== Supplied records ==

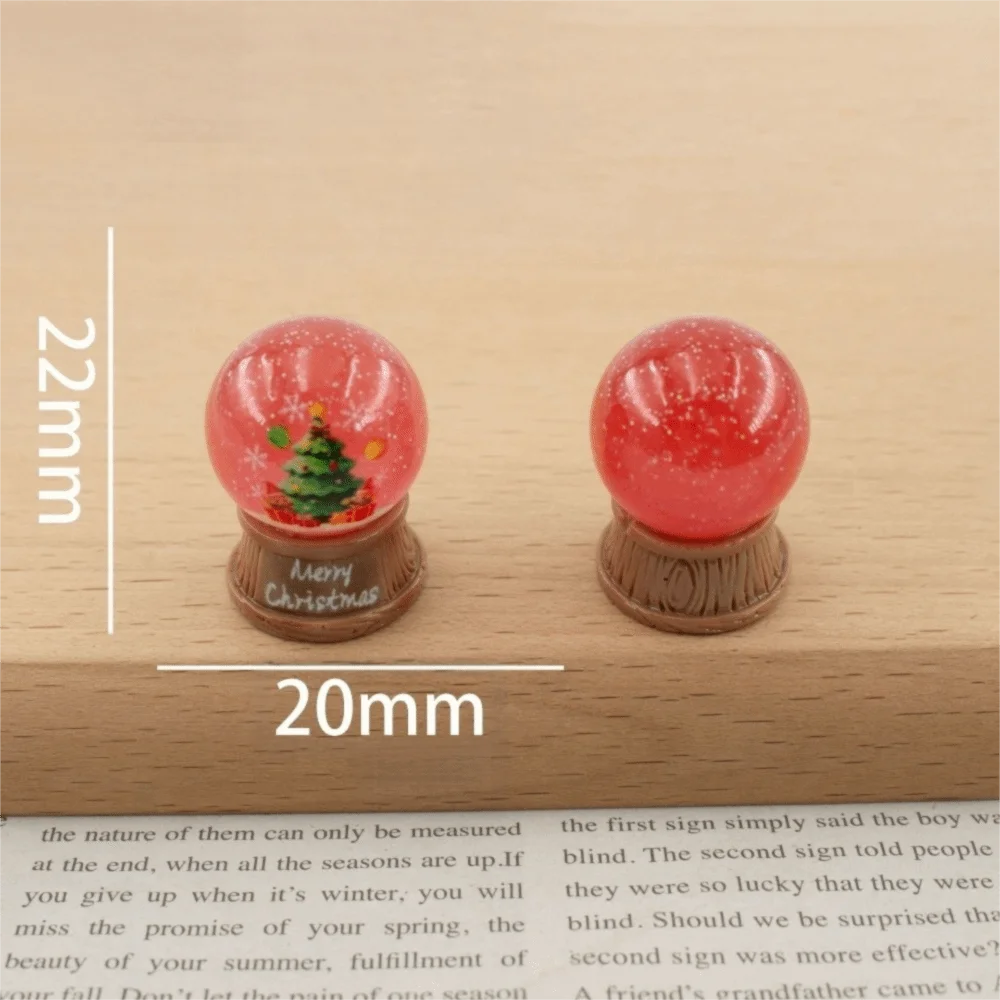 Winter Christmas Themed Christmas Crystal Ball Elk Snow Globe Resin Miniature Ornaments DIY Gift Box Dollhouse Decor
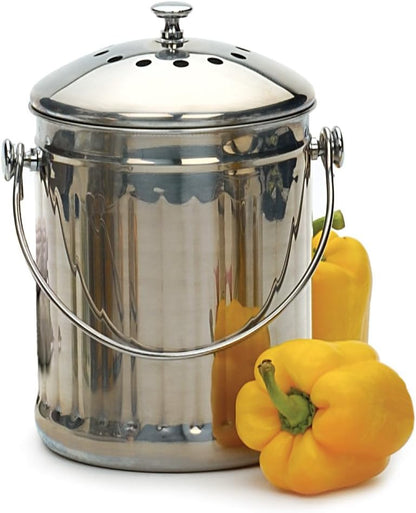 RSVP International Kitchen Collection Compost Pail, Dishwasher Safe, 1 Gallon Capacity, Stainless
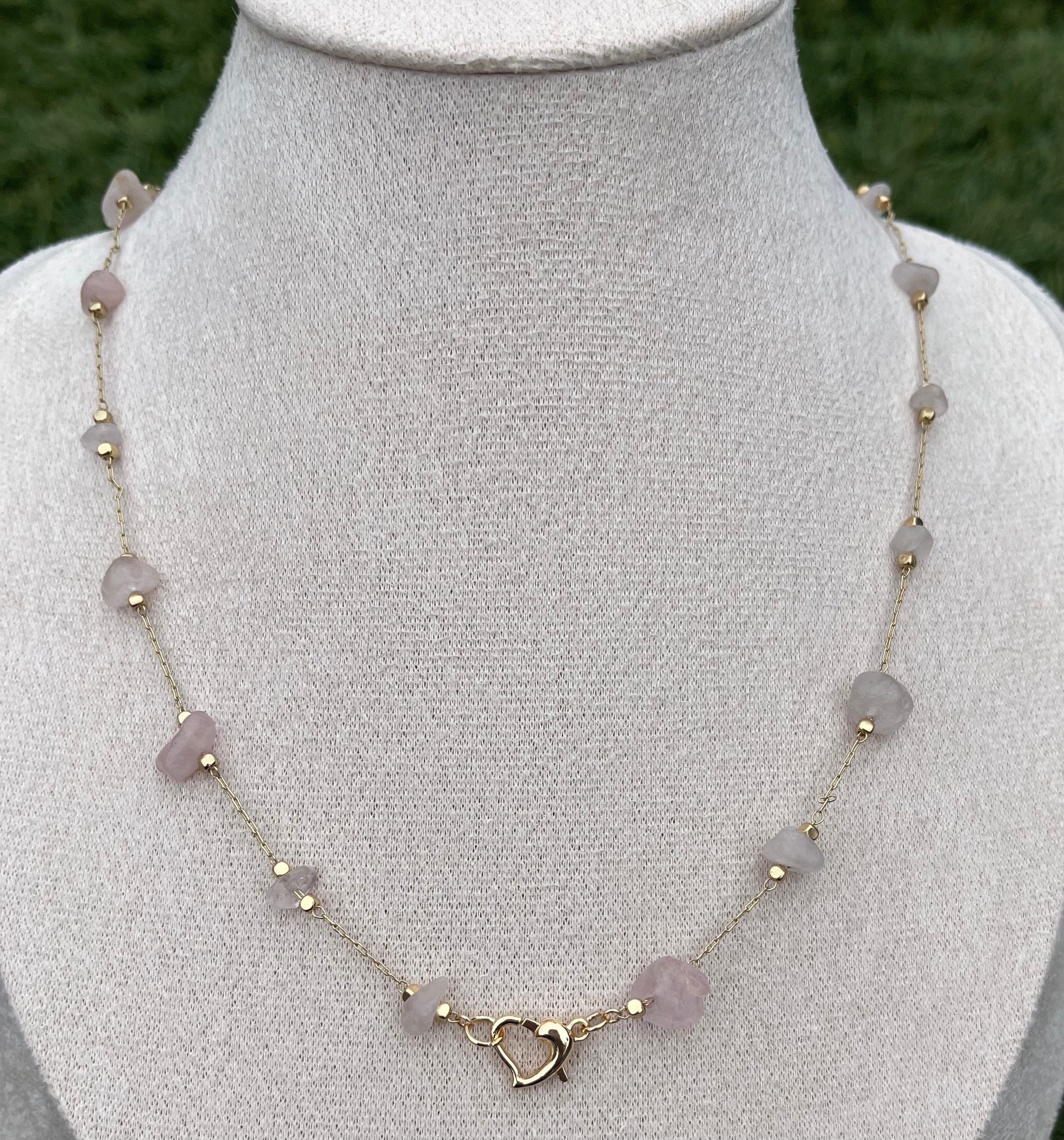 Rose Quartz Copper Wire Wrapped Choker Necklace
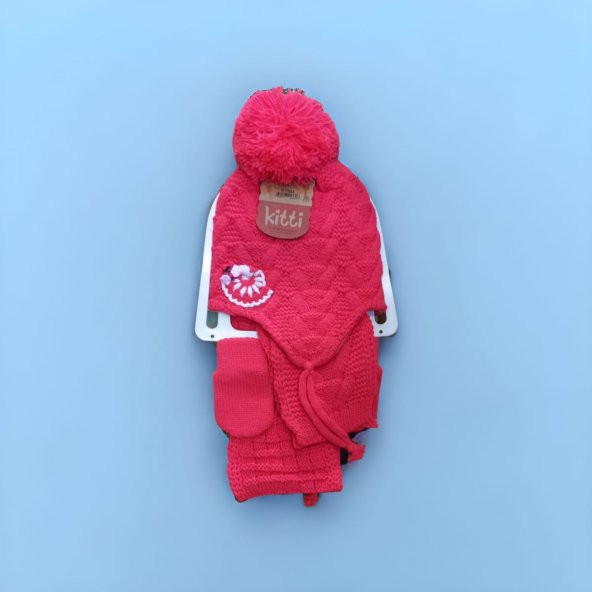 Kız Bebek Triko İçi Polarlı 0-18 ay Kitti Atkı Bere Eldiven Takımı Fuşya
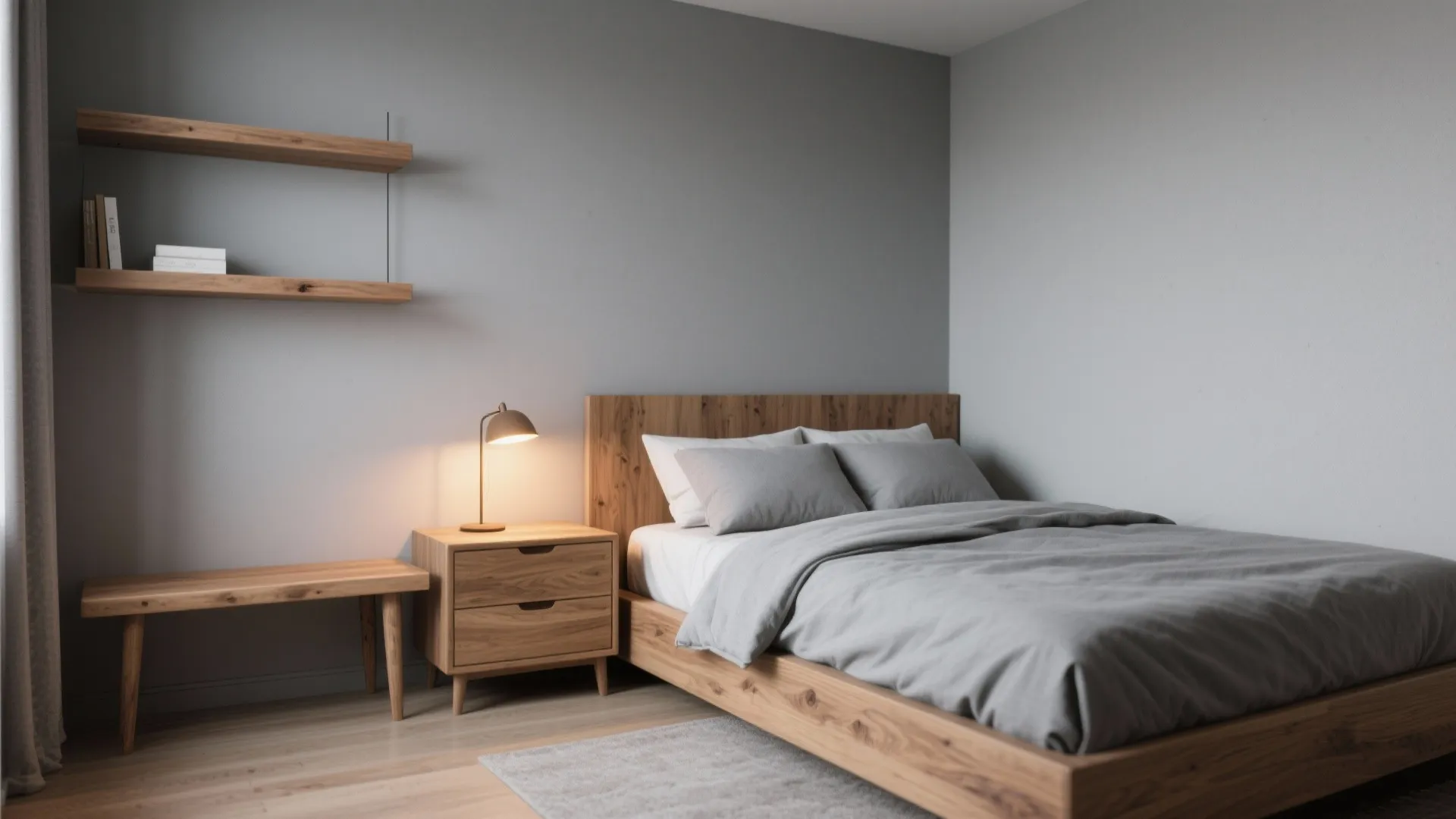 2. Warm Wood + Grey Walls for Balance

===

Instructions for the task:
Omit the pictures, then copy out all the data exactly as it stands.

Output:
 Winter Christmas Themed Christmas Crystal Ball Elk Snow Globe Resin Miniature Ornaments DIY Gift Box Dollhouse Decor
 RSVP International Kitchen Collection Compost Pail, Dishwasher Safe, 1 Gallon Capacity, Stainless
 Rose Quartz Copper Wire Wrapped Choker Necklace
 Kız Bebek Triko İçi Polarlı 0-18 ay Kitti Atkı Bere Eldiven Takımı Fuşya
 2. Warm Wood + Grey Walls for Balance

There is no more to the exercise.